» **DATA IN THIS EXERCISE**:
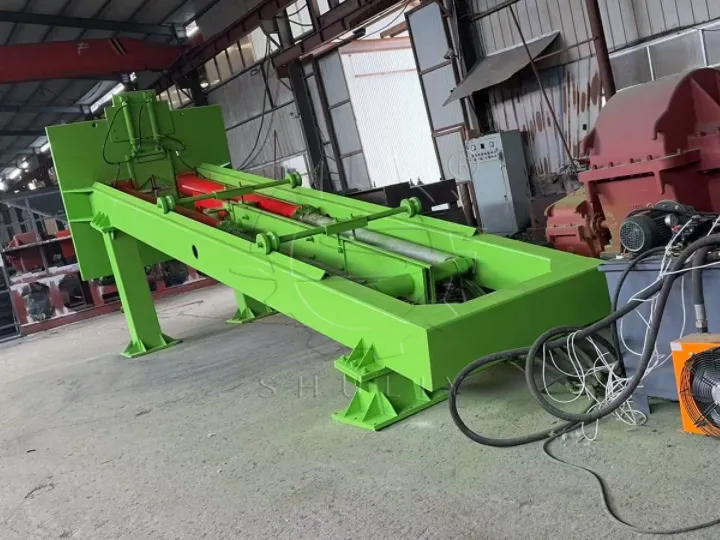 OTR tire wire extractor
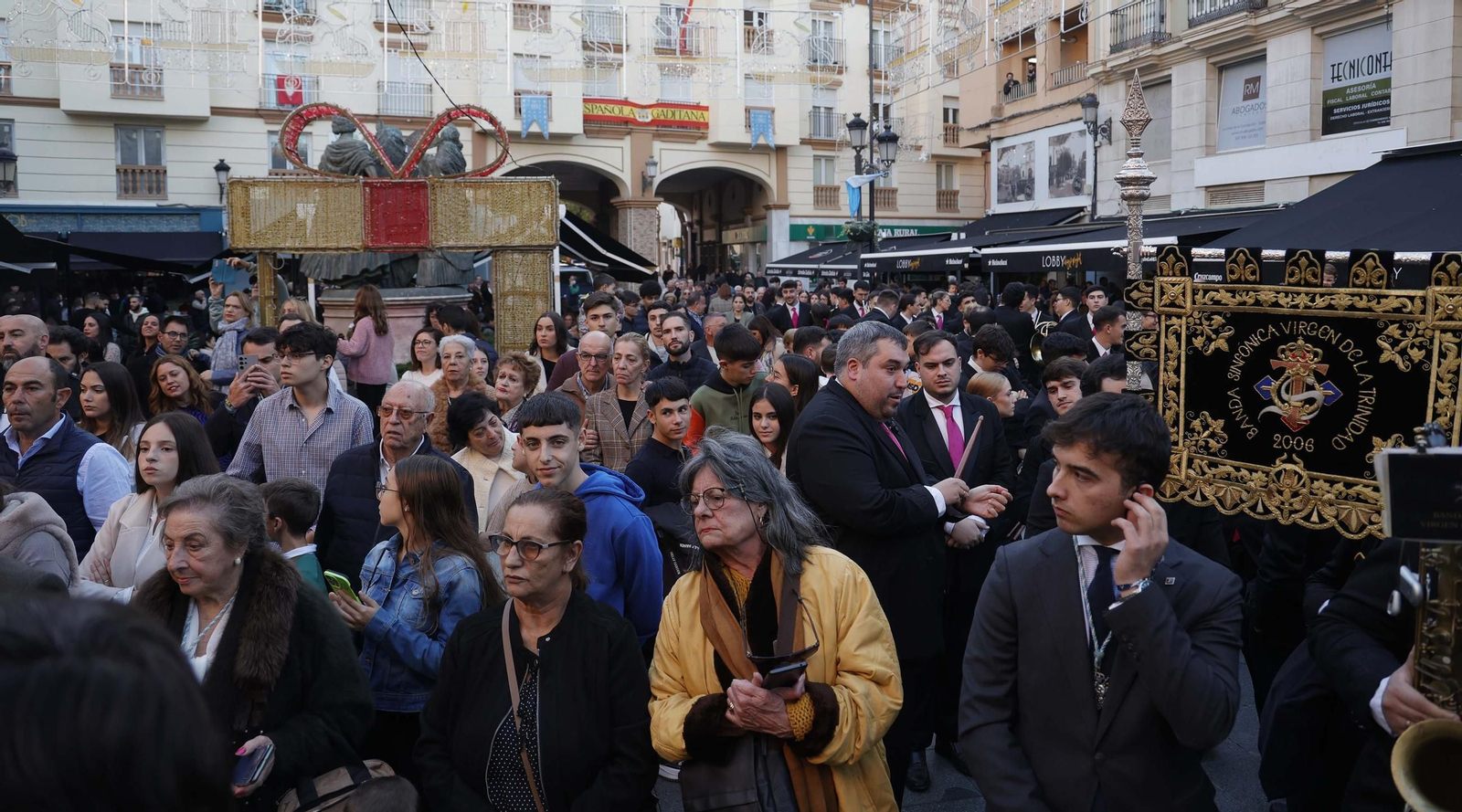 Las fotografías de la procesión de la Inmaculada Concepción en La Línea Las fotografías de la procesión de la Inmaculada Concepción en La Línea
==
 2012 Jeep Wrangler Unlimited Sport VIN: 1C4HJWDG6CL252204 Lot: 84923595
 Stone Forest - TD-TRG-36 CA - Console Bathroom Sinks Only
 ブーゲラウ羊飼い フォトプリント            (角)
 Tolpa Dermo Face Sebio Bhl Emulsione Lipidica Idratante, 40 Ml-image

» **EXERCISE DIRECTIONS**: An exact copy of the lines above from the one with "OTR tire wire extractor" up to and including the one with "La Línea Las" is required; reproduce only those lines, omitting all pictures.

» **EXERCISE ANSWER**:
 OTR tire wire extractor
 Las fotografías de la procesión de la Inmaculada Concepción en La Línea Las fotografías de la procesión de la Inmaculada Concepción en La Línea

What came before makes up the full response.